Editorial de la revista solidaria Autogestión
La reelección de Trump en los EEUU ha desatado distintas reacciones según las lentes de los que han mirado el proceso electoral estadounidense. Para algunos el presidente encarna la antipolítica en el país más poderoso del mundo, para otros, será un gobernante firme y eficaz que salvará al pueblo de las trampas de las nuevas ideologías. Lo cierto es que Trump es un hombre del sistema, y lo que sucede en los EE.UU. es una muestra clara de una degeneración y de unas tendencias políticas que vienen de lejos.
La antipolítica ya estaba ahí, en EE.UU. y en otros lugares de la tierra, erosionando la democracia hasta dejarla irreconocible e impracticable. Ya hemos denunciado en esta revista algunas de las características comunes que se imponen en las democracias actuales.
Un poder ejecutivo (gobiernos) que para mantenerse en el poder fuerza al resto de poderes hasta el extremo, modificando incluso las constituciones y leyes fundamentales, además de anunciar que la separación de poderes es un obstáculo para la buena gestión de la sociedad. Gobiernos que son acaudillados por políticos que se comen a sus partidos y arrasan su escasa democracia interna.

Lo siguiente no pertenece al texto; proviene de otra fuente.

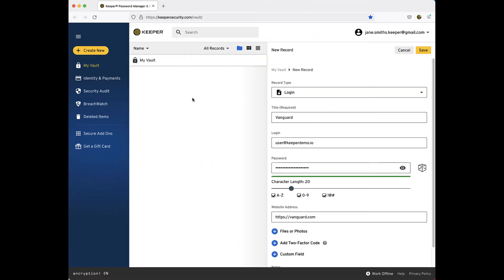While still viewing the new record form, you may notice a button called Files or Photos. Clicking this button allows you to take advantage of Keeper's secure file storage capabilities. With Keeper's secure file storage, you can easily and securely upload and store files such as passports, medical or credit cards,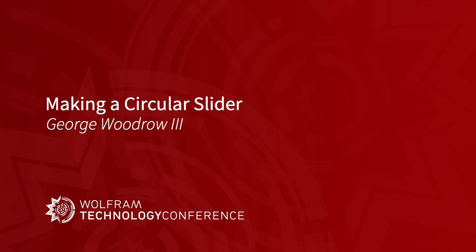My name is George Woodrow. This talk is about the process of making a new control widget in the Wolfram language.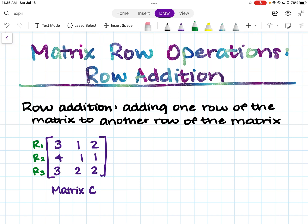So let's say you want to combine rows one and two. We would write: r sub one plus r sub two is going to become the new row two.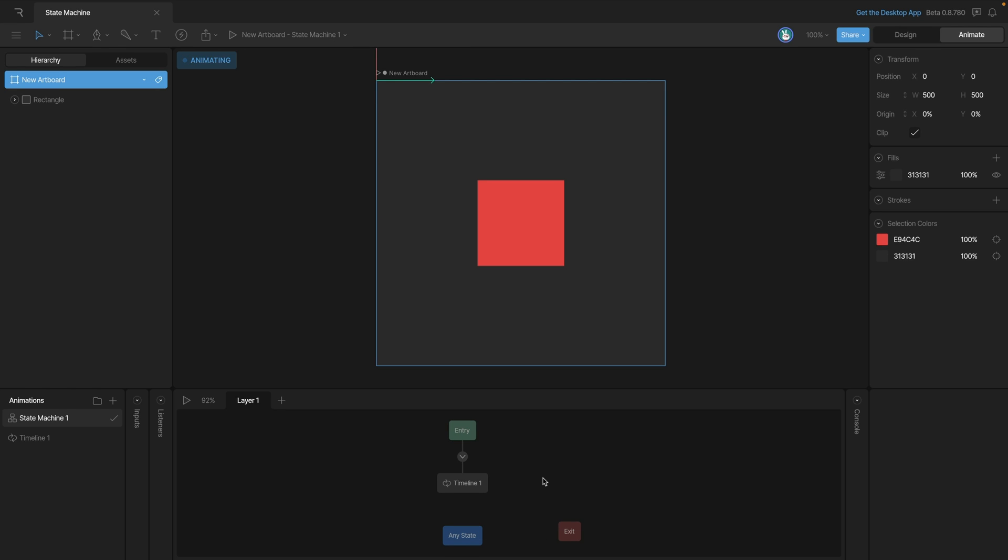Now that we have a bit of knowledge about where the state machine is, how to move the panel around, in the following videos we'll start learning how to create interactions.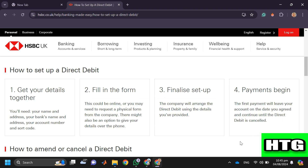First, get your details together. For this you need your name and address, your bank's name and address, your account number and sort code.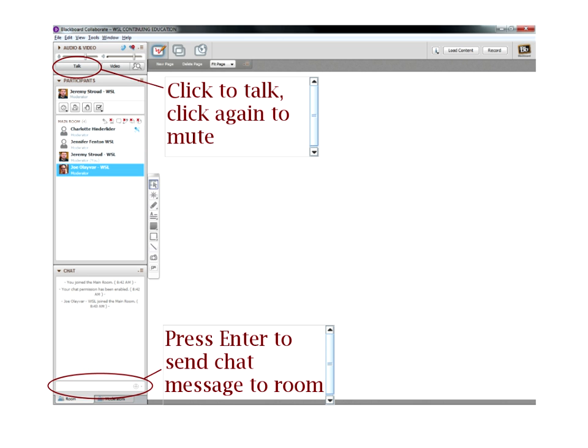Welcome to our Visual U webinar. If you want to ask a question, we're pretty informal here, so just raise your hand to ask a question, or type in the chat box, which is down at the bottom.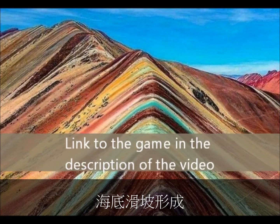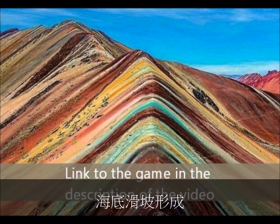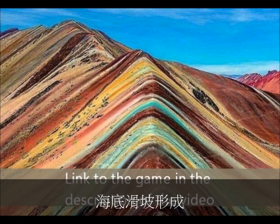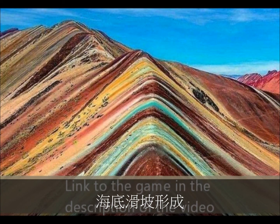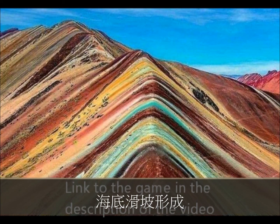Please don't forget to play that game I told you about. You can find the link to that game in the description of this video. Thank you for watching.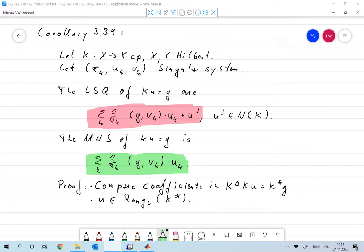The second part is obtained by observing that the minimum norm solution must be in the range of k*. We already proved that the least square solution only exists if the right-hand side g is in the range of k plus the orthogonal complement of the range of k, which equals the null space of k adjoint.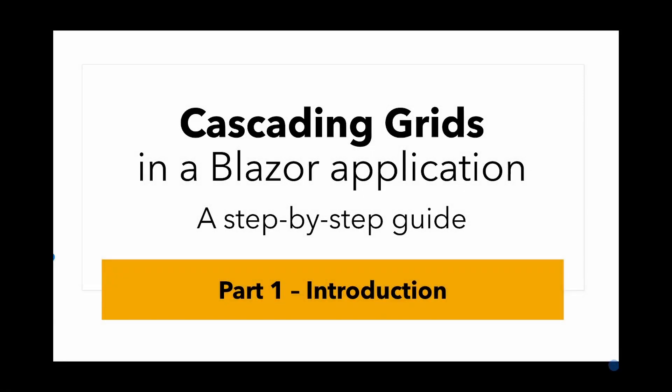Welcome to part 1 in this series of videos where I'll be looking at cascading grids in a Blazor application. It's going to be a step-by-step guide where I hope to take you through the whole process from beginning to the final application. I'll show you the final application shortly, but first why cascading grids?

Incluso se han dado durante estos últimos años asaltos a parlamentos y capitolios, declaraciones unilaterales de independencia, …
Otro aspecto a señalar es la creciente polarización social. Esta dinámica comenzó ya en la segunda mitad del siglo XX en países como los EE.UU., pero se ha ido extendiendo a otras democracias. A esto han colaborado los medios de comunicación, cada vez más dependientes de la financiación pública y de las grandes empresas; y en el primer cuarto de siglo XXI las redes sociales y las grandes plataformas digitales, con los grandes magnates de las Bigtech ejerciendo de propagandistas y mercenarios del poder.
Pero, ¿en qué humus se ha desarrollado esta polarización y esta sensación de abandono de la sociedad? Aspectos tan básicos como la grave situación laboral, la falta de acceso a una vivienda digna, la inflación creciente y las crisis financieras acumuladas que ha pagado el pueblo desde 2008 son abono a tanto descontento y frustración para gran parte de la sociedad. Esta histéresis diabólica ha centrifugado a miles de jóvenes del prometido “estado de bienestar”. Si la democracia es esto, ¿para qué me sirve?, se preguntan y así lo plasman en las encuestas.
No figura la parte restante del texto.